- **Instructions to follow**:
What is needed here is an exact repetition of the records below, beginning at the line that has "Georgia OKeeffe Inspired" and stopping after the line that has "Airavat Swimming Kit, 0003".
─── Input data ───
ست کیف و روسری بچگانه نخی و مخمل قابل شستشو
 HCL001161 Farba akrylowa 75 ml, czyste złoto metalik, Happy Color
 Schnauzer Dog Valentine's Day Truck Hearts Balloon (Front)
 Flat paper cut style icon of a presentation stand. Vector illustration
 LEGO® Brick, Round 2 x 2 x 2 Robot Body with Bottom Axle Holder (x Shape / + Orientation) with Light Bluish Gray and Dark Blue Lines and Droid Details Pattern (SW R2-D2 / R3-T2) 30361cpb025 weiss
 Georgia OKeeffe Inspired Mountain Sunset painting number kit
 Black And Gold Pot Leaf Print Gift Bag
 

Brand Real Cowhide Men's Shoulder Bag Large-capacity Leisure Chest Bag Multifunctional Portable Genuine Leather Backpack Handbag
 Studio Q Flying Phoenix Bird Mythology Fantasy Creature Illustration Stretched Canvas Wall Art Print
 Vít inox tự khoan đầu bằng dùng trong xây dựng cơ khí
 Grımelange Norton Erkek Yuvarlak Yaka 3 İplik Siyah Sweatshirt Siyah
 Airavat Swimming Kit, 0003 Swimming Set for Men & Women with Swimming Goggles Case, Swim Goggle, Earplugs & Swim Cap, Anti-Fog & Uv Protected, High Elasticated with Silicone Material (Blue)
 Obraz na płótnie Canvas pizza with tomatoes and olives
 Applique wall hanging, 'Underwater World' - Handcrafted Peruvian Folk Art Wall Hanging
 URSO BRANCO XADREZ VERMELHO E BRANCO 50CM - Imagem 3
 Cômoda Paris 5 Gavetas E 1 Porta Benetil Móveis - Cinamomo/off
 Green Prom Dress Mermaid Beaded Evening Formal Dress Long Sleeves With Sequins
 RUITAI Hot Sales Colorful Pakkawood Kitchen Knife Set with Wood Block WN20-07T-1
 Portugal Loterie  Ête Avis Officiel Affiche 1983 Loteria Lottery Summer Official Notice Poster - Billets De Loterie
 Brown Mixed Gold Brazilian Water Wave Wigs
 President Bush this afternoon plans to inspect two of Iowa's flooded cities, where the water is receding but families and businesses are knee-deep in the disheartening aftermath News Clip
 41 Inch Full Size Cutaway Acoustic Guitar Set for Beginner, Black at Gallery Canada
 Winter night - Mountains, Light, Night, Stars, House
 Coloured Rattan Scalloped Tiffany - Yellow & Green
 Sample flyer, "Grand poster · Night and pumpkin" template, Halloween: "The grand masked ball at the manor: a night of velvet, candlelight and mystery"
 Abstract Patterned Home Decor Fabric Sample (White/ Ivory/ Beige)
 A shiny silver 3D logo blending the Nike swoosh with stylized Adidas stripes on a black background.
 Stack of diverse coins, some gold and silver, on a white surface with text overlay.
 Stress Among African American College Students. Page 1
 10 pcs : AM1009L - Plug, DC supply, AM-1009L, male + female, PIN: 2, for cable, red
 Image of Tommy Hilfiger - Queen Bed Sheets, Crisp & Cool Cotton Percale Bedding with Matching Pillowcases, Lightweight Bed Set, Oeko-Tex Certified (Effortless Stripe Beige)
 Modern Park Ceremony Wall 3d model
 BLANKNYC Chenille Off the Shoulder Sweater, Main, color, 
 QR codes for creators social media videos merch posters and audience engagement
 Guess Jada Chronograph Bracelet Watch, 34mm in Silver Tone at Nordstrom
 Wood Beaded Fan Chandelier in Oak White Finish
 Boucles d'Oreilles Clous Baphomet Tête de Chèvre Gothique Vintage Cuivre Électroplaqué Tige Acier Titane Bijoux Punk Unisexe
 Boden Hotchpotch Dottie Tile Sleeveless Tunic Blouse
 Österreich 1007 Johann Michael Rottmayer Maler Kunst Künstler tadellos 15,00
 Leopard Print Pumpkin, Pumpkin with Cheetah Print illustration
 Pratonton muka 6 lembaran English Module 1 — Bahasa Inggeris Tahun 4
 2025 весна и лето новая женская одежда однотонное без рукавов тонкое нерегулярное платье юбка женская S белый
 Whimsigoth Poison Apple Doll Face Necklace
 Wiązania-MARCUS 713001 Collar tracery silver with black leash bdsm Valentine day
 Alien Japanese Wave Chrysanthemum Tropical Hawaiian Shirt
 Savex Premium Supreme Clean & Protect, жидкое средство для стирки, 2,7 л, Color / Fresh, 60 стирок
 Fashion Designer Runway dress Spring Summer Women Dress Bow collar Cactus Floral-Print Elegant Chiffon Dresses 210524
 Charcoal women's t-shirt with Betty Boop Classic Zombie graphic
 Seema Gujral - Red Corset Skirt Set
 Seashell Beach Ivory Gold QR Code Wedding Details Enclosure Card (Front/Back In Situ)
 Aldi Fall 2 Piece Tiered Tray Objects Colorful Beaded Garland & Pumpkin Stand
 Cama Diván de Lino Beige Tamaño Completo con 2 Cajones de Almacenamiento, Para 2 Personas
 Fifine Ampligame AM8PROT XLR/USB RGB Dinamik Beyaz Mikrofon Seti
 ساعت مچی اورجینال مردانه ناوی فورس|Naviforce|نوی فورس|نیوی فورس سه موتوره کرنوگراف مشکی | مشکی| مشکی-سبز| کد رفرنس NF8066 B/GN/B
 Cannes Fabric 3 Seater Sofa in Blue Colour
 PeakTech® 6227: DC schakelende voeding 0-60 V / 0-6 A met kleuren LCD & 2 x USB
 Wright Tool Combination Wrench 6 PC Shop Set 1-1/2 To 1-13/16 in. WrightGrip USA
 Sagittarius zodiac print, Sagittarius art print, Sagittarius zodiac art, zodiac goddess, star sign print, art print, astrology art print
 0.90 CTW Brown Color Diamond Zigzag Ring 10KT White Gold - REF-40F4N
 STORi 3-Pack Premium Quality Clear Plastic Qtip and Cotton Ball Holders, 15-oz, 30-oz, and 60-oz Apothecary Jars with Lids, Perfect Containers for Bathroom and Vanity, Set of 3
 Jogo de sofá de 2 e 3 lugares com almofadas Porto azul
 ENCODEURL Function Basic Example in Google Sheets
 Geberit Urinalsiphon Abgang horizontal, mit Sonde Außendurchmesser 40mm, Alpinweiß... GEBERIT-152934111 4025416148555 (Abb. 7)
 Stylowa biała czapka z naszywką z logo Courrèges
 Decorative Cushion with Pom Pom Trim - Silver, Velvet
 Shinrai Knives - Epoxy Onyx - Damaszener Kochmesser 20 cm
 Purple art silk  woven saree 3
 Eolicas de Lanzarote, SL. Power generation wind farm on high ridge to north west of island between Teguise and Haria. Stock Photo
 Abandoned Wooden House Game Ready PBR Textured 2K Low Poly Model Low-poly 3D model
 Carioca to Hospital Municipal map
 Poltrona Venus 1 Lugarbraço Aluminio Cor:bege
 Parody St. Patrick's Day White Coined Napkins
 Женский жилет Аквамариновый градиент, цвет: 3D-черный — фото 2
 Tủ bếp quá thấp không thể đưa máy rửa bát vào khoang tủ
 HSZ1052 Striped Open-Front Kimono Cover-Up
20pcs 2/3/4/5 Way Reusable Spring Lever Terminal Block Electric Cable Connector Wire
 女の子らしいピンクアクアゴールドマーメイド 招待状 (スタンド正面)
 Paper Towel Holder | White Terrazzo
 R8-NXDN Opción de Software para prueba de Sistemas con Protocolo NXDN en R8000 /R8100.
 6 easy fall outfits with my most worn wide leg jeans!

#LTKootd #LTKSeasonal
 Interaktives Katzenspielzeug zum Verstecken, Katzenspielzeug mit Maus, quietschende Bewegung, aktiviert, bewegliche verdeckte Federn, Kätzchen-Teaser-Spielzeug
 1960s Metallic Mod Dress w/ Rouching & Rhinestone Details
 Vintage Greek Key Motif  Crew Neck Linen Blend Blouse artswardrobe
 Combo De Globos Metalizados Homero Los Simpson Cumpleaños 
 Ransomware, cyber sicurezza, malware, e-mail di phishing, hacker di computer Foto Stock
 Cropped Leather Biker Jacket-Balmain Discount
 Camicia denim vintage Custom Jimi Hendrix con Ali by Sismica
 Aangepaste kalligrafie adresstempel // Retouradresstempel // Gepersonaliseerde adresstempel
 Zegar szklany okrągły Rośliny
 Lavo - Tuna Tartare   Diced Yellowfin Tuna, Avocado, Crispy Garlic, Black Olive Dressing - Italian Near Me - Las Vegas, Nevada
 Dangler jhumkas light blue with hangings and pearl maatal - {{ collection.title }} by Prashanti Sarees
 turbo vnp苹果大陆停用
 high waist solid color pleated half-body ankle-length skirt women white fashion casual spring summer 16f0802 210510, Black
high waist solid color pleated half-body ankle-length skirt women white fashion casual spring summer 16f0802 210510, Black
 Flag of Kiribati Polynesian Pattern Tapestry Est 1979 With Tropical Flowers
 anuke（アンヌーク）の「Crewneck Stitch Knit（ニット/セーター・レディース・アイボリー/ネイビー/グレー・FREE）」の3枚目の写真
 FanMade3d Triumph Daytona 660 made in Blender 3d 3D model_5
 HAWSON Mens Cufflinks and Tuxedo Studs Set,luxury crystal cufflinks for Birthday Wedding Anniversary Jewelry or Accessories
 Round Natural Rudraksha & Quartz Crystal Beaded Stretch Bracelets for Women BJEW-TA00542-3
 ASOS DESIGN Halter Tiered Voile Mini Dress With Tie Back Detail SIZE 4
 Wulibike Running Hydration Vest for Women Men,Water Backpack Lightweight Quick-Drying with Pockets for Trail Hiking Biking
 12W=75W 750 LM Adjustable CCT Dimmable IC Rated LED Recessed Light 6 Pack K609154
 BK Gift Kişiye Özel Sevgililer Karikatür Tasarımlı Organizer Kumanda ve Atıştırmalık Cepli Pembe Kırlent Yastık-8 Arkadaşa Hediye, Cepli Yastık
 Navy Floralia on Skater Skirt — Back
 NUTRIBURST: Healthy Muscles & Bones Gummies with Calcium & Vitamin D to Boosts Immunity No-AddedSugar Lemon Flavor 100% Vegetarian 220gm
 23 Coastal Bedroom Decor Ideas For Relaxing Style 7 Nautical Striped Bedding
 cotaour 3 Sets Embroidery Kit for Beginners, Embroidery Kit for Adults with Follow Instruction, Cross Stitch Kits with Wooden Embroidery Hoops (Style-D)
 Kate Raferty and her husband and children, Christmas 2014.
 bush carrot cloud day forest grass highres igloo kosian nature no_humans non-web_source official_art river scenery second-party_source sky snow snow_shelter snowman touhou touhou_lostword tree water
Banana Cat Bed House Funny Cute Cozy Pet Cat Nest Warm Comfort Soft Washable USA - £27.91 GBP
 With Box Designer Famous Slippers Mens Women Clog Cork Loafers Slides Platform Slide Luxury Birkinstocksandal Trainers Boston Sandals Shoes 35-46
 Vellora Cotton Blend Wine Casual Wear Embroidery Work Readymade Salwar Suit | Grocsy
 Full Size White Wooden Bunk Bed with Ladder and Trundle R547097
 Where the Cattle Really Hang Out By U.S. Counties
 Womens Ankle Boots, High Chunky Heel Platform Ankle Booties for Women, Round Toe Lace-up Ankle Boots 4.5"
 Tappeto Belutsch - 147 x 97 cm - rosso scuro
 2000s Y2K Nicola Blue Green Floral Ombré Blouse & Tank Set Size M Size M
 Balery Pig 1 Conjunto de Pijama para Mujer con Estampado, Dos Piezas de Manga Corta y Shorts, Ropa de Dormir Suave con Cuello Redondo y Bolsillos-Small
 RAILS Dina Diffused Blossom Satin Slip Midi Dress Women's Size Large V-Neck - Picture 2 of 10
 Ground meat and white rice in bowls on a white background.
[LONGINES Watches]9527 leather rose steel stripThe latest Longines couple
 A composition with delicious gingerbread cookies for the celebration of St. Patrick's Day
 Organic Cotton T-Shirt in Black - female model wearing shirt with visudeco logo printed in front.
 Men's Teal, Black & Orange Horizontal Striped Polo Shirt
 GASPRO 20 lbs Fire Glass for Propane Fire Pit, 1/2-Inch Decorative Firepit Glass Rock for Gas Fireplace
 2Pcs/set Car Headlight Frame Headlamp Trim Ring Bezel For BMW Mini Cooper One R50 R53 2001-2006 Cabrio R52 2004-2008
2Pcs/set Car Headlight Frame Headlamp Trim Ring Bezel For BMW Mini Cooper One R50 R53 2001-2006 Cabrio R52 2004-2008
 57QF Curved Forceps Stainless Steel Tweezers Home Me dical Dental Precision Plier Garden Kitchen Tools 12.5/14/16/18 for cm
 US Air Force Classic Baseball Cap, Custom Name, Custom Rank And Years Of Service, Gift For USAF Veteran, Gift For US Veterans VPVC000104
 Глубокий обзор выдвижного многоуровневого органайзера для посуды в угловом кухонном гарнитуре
───
- **Result of this exercise**:
 Georgia OKeeffe Inspired Mountain Sunset painting number kit
 Black And Gold Pot Leaf Print Gift Bag
 

Brand Real Cowhide Men's Shoulder Bag Large-capacity Leisure Chest Bag Multifunctional Portable Genuine Leather Backpack Handbag
 Studio Q Flying Phoenix Bird Mythology Fantasy Creature Illustration Stretched Canvas Wall Art Print
 Vít inox tự khoan đầu bằng dùng trong xây dựng cơ khí
 Grımelange Norton Erkek Yuvarlak Yaka 3 İplik Siyah Sweatshirt Siyah
 Airavat Swimming Kit, 0003 Swimming Set for Men & Women with Swimming Goggles Case, Swim Goggle, Earplugs & Swim Cap, Anti-Fog & Uv Protected, High Elasticated with Silicone Material (Blue)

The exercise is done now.